* [Activity]
Should the entries contain pictures, leave them out and return exactly the lines from the first through the line holding "The small bass".

Data entries:
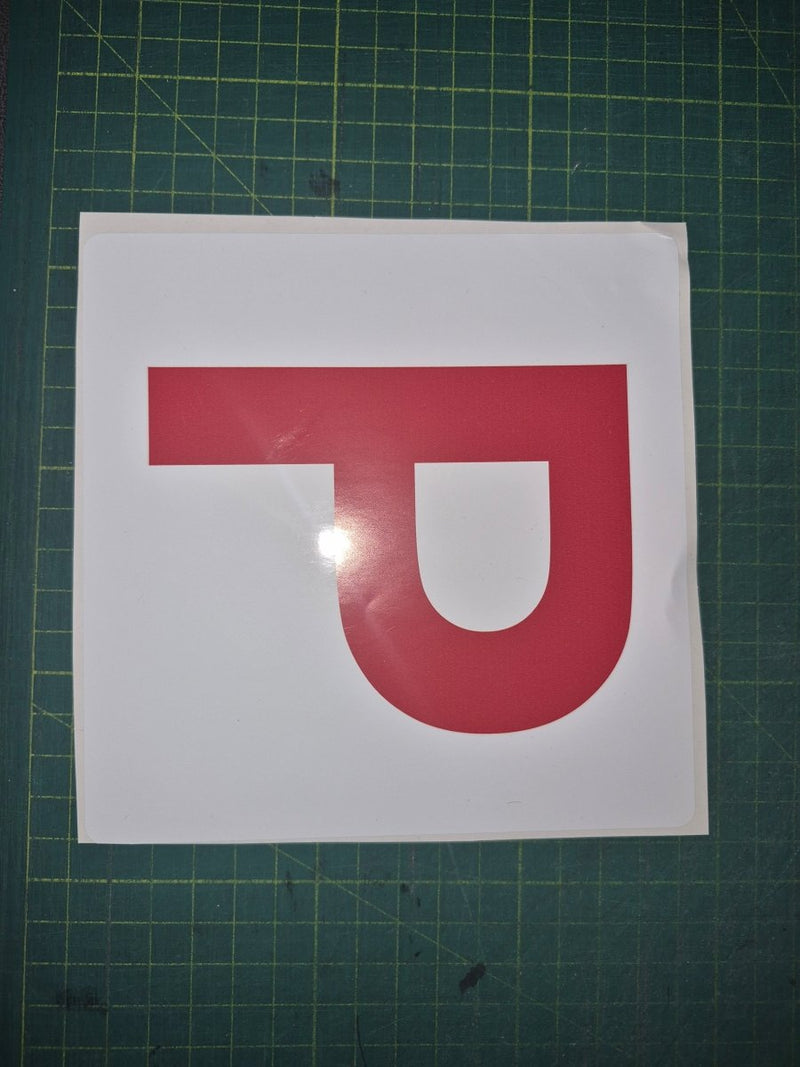 Red 'P' letter on a white background with a green cutting mat.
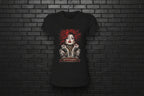 Women's black Soft but Dangerous Performance Tee with red-haired gothic graphic on a brick background.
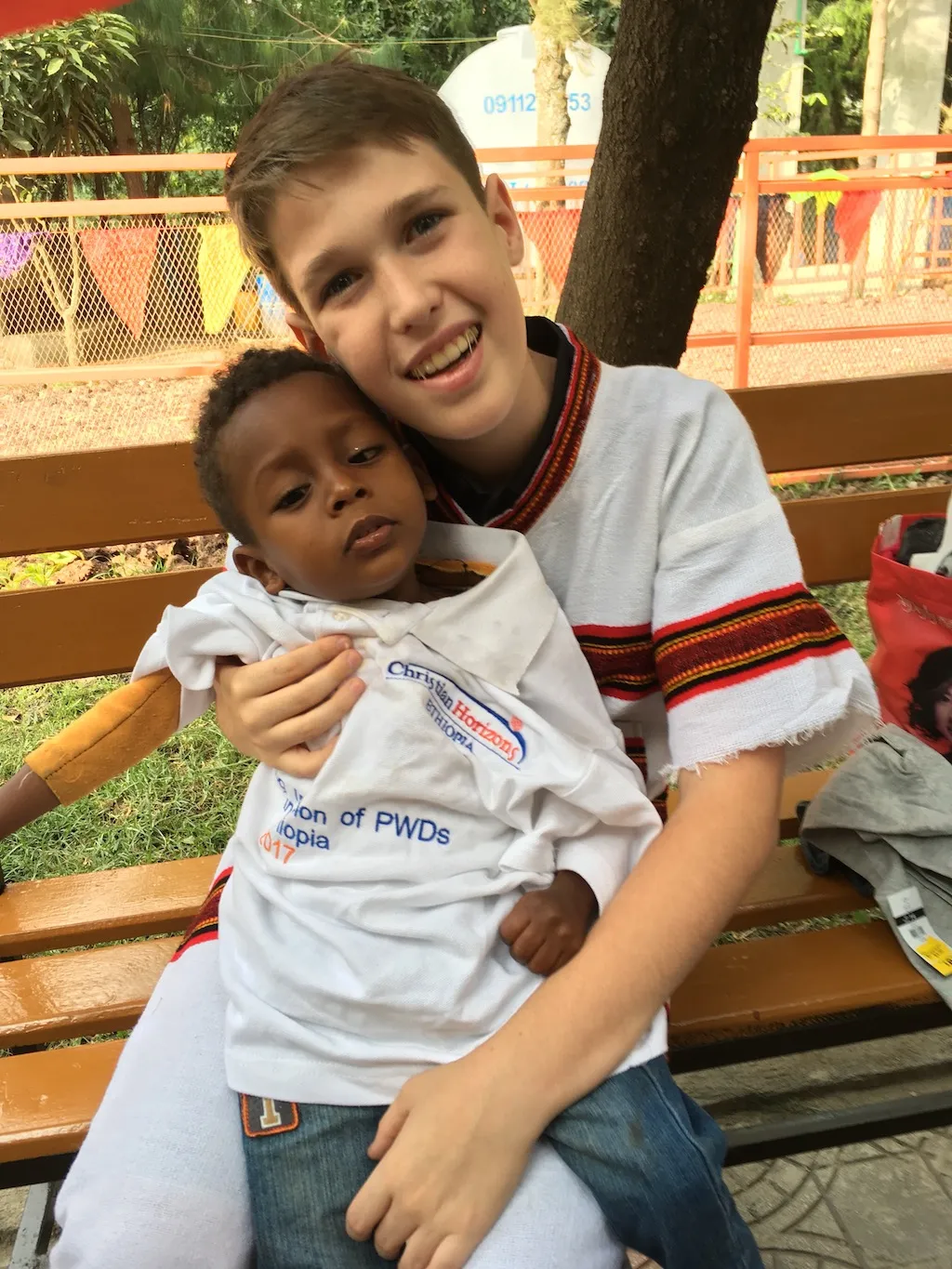 Devon, Ryan’s brother, holding a young boy named Dagim on his lap on a park bench in Ethiopia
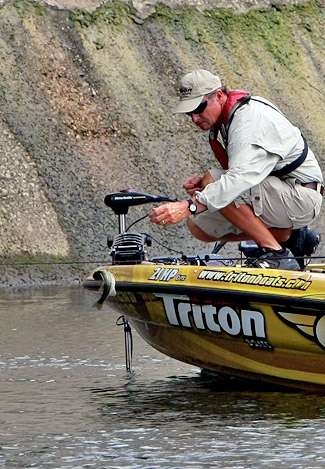 The small bass get tossed back into the Alabama River.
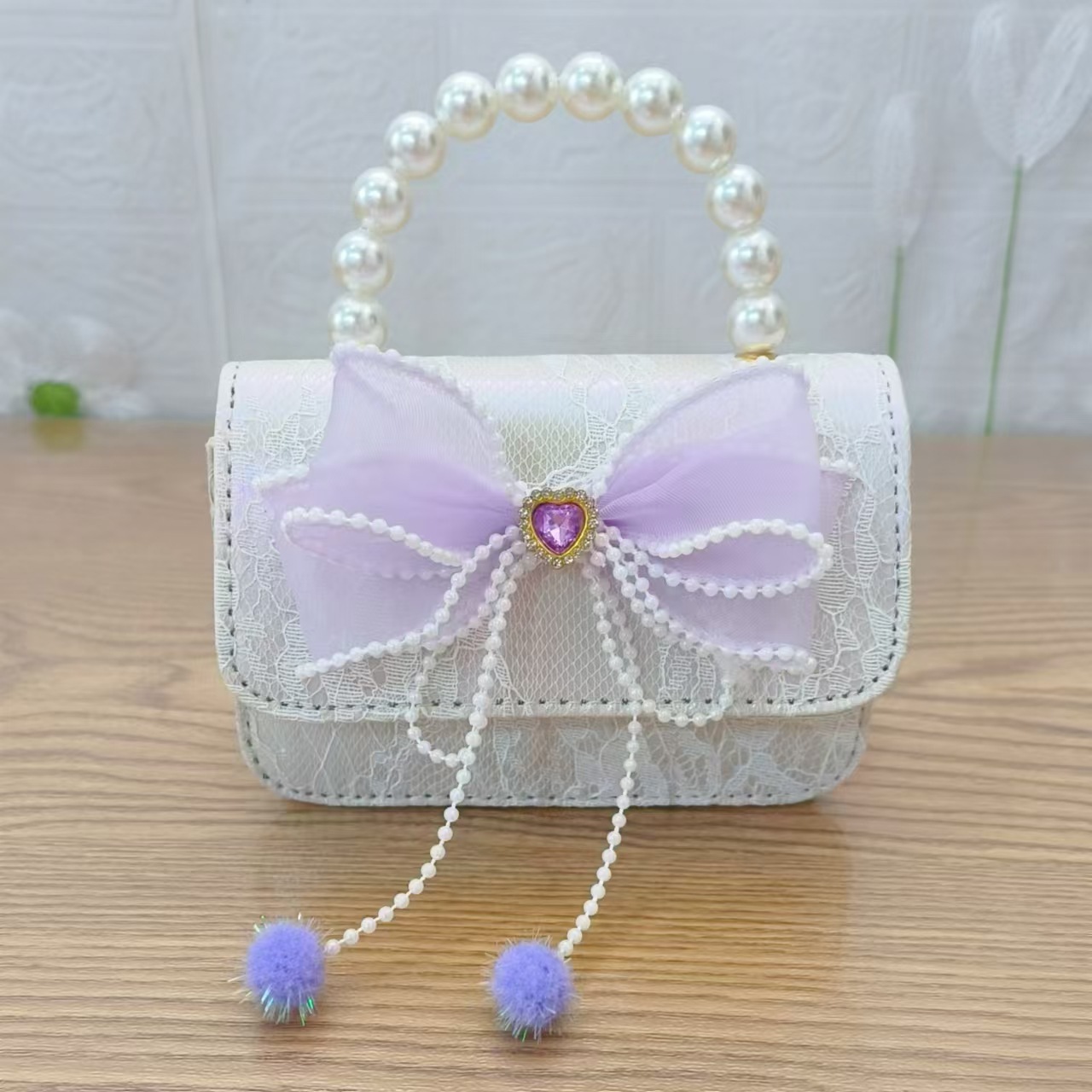 Bolsa de arco princesa bolso de perlas bolso de mano cadena bolso de cinturón pequeño viento bolso de niñas bolso de regalo del día de los niños bolso pequeño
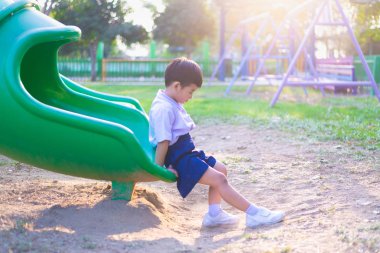 Asyalı çocuk bahçesi içinde güneş ışığı altında slayt oynayan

* [Result for this task]
 Red 'P' letter on a white background with a green cutting mat.
 Women's black Soft but Dangerous Performance Tee with red-haired gothic graphic on a brick background.
 Devon, Ryan’s brother, holding a young boy named Dagim on his lap on a park bench in Ethiopia
 The small bass get tossed back into the Alabama River.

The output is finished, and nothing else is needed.